Mum’s Famous Marmalade
Throughout my childhood at roughly the same time every year, I would come home from school to find my mother hunched over a huuuge pot on the hob, steam billowing around the room, making her mother’s marmalade recipe. Marmalade making has been a constant part of my life since I was a child, and now that everyone is discovering the joys of these homemade jars of sunshine, I thought I’d share my mum’s recipe with you!
Homemade Marmalade
You will need:
- 5 medium-large Seville oranges
- 1 lemon
- 2 kilos of white caster sugar
- 5 pints of water
- 8 lidded jars
- A muslin/jelly bag
1. Wash the oranges and lemon and cut them in half across the belly, so that they can be juiced. Juice each half and transfer the juice to a large bowl. Keep the pips!
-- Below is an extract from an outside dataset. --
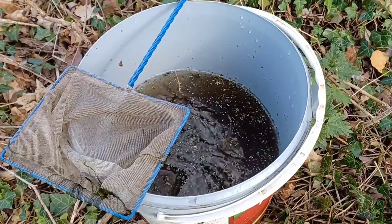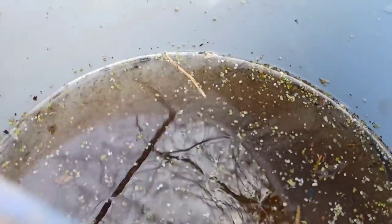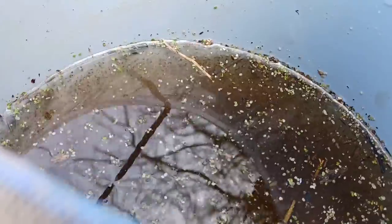Half of the Daphnia is fed off to the newt larvae right away, and the rest is left in the bucket where it will survive for a week or so, as long as it's not too overcrowded and it's left in the water in which it was collected, which contains lots of natural nutrients.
2. Using a sharp knife, carefully trim/scrape off as much of the white pith from each citrus half as you can, setting it aside alongside the pips – you’re looking for the citrus halves to be pretty much clean of the pith. Then carefully slice the citrus halves as finely as you can and place them in the bowl alongside the juice.
3. Add all of the pips and white pith bits to the muslin or jelly bag. Fasten tightly then place that in the bowl too. Add the water, then leave the bowl of prepared fruit overnight.
Tip: If your bowl isn’t big enough for all five pints, add 3 or 4 now and then remember to add the remainder when you go to do your first boil the following day.
4. The following day, transfer the contents of the bowl to a very large pot. Place the jelly/muslin bag of pith and peel into the saucepan too (if you leave it out the marmalade won’t set).
5. Simmer gently till the peel has softened, approx 1hr 30 if your peel is very fine or 1hr 45 if it’s a little thicker.
6. Remove the pip bag, allow it to cool, then squeeze literally every bit of pithy juice out of it by pressing the bag hard all over and squeezing (the bitterness is key for the flavour).
7. Transfer all that juice to the pot. Don’t throw the contents of the bag away in case you need a bit more pith down the line to help it set (the pith contains pectin, which is a setting agent).
8. Place all the sugar in a baking dish and warm for a few minutes in the oven, then carefully tip into the pot. Stir until dissolved and then bring to the boil and boil very rapidly.
Tip: The mix will rise in the pot due to the sugar and could be dangerous if it overspills, so if your saucepan is not big enough, I would recommend you split the contents between two large pots.
9. Keep boiling rapidly until you reach the setting point. This will take about 45 to 60 mins.
Tip: You will be able to tell when you are at the setting point by dropping a teaspoonful of the marmalade onto a cold saucer and then wait a few mins for it to cool. If it looks like a jelly when you tip the saucer and is not flowing over the saucer, it’s ready and you can take the saucepan/s off the heat. If yours is not setting, add more of the pith you saved until it does.
10. Warm the jars in the oven at 140°c then carefully fill them with marmalade using a jug. Once the jars have completely cooled (I popped mine in the fridge), the marmalade will have set to a reasonably thick jelly.